UMass Libraries are hiring a 10-hour/week project coordinator for the Carbon Literacy Project (CLP) this semester.
Deadline is this Friday, Jan. 7!
UMass Amherst student position for Spring 2022 (starting mid-January)
Carbon Literacy Project Coordinator
UMass Amherst seeks a team member to be Coordinator of the Carbon Literacy Project (CLP). This is a unique administrative opportunity for a detail-oriented individual to support an emerging training pilot.
Duties will include:
- Coordinate students to teach CLP modules in spring courses
- Set meeting agendas and facilitate team meetings
- Organize and update project files
- Manage administrative coordination between CLP in the UK and the UMass Libraries business office
- Develop strategies for implementation for the campus community
- Work with faculty to incorporate CLP modules into their course offerings
Work will be remote (with some in-person preferred)
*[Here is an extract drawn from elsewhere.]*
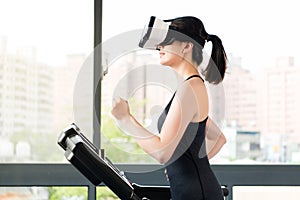 Beauty asian woman running treadmill by VR headset glasses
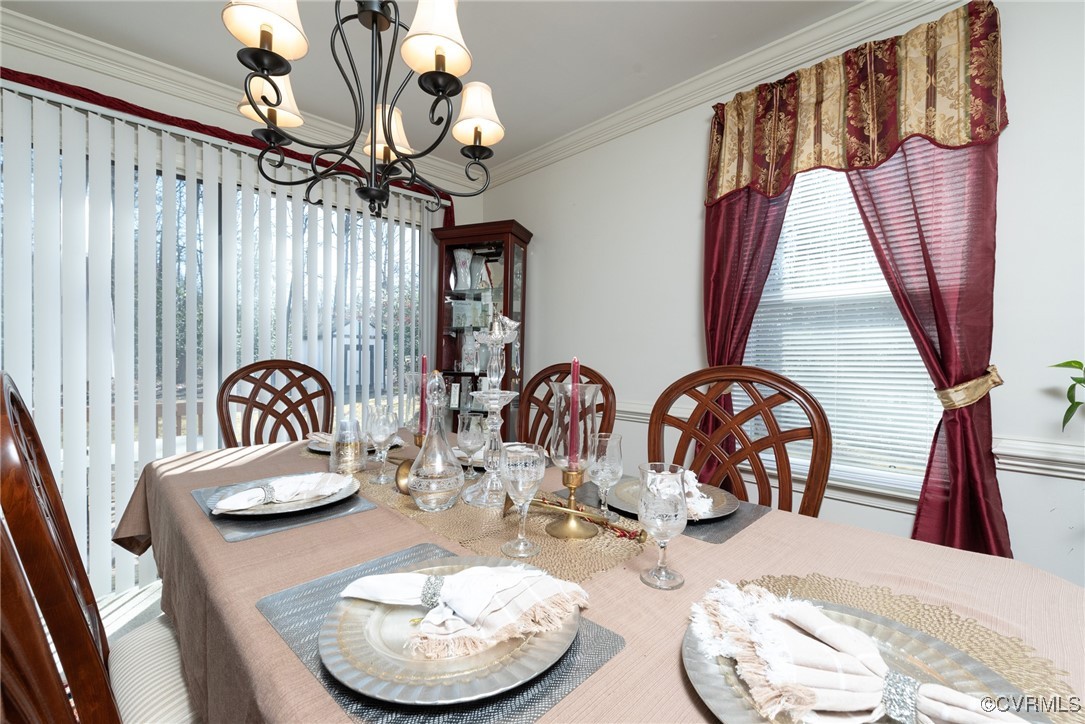 5604 Monguy Road Charles City, VA 23030 - Photo 23 of 49 Dining area with crown molding, a healthy amount o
$3,000 stipend (approx. 10 hours a week)
We are looking to hire diverse identities across disciplines, departments, and personal representations. Familiarity with the training content not required.
Please send a letter of interest and resume by January 7, 2021 to Madeleine Charney, Research Services Librarian: firstname.lastname@example.org.
Funded by the UMass Libraries Sustainability Fund
Job Responsibilities include:
- Facilitate working group meetings, generate agendas, and support meeting outcomes and project management for the project at large.
- Coordinate with faculty members integrating the training into their curriculum. You will set up zoom meetings, send reminders, and prepare presentation materials.
- Engage in an inclusive, non-judgmental, and supportive environment within the planning team and student cohort.
- Collect & submit participant details & learner evidence from course participants (through their facilitators) after they complete the training. This includes participant details & learner evidence on the standard Participant Details and Evidence Form as well as participant attendance.
- Review learner evidence prior to submittal to the CLP for certification to check for mistakes (e.g. not completing a section) and potential areas of weakness that may prevent a certificate from being awarded and correspond directly with those participants to support their completion of materials for certification.
- Maintain a training log tokeep a record of the CLP activities: How many Carbon Literacy ‘graduates’, the ‘learners’ actions, as well as any reflections on how the training went.
- Detail oriented
- Project management
- Sound judgment and sensitivity to diverse constituencies
- Excellent interpersonal skills, strong initiative, and motivation
- Ability to work as part of a team and embrace a collaborative approach.
- Ability to communicate effectively, responsively, and in a timely manner
To date, Carbon Literacy Project (CLP) has certified over 20,000 learners across 13 countries, with hundreds of sector-specific trainings developed by organizational partners through creative commons. UMass Amherst became a CLP organizational partner in the summer of 2021, established a working group of UMass staff and students, certified its first cohort of Amherst faculty, students, staff, and alumni, and co-developed a revised training with regional context and UMass Amherst campus-relevancy. CLP at UMass Amherst sits under the campus Living Lab, which is part of the carbon mitigation plan.
The four training modules developed for the CLP will be accessible to the campus community and wider world on UMass Amherst ScholarWorks and could inspire future discipline-focused derivatives. CLP is a practice-based approach to organizational change and responsible management with published evidence on its effectiveness in doing so. The training process brings people together around shared tools, technologies, and discussion. CLP provides underpinning knowledge to vitally shift how UMass lives, learns, works, and leads. CLP will provide the UMass Amherst community with an embedded and instinctive understanding of the carbon impacts of our activities and allow us to make more informed choices, think critically about systems and processes, and to act on both an individual and collective level to make meaningful change. The result is collective knowledge which fosters practical interconnections across boundaries, leading to participant empowerment and change making.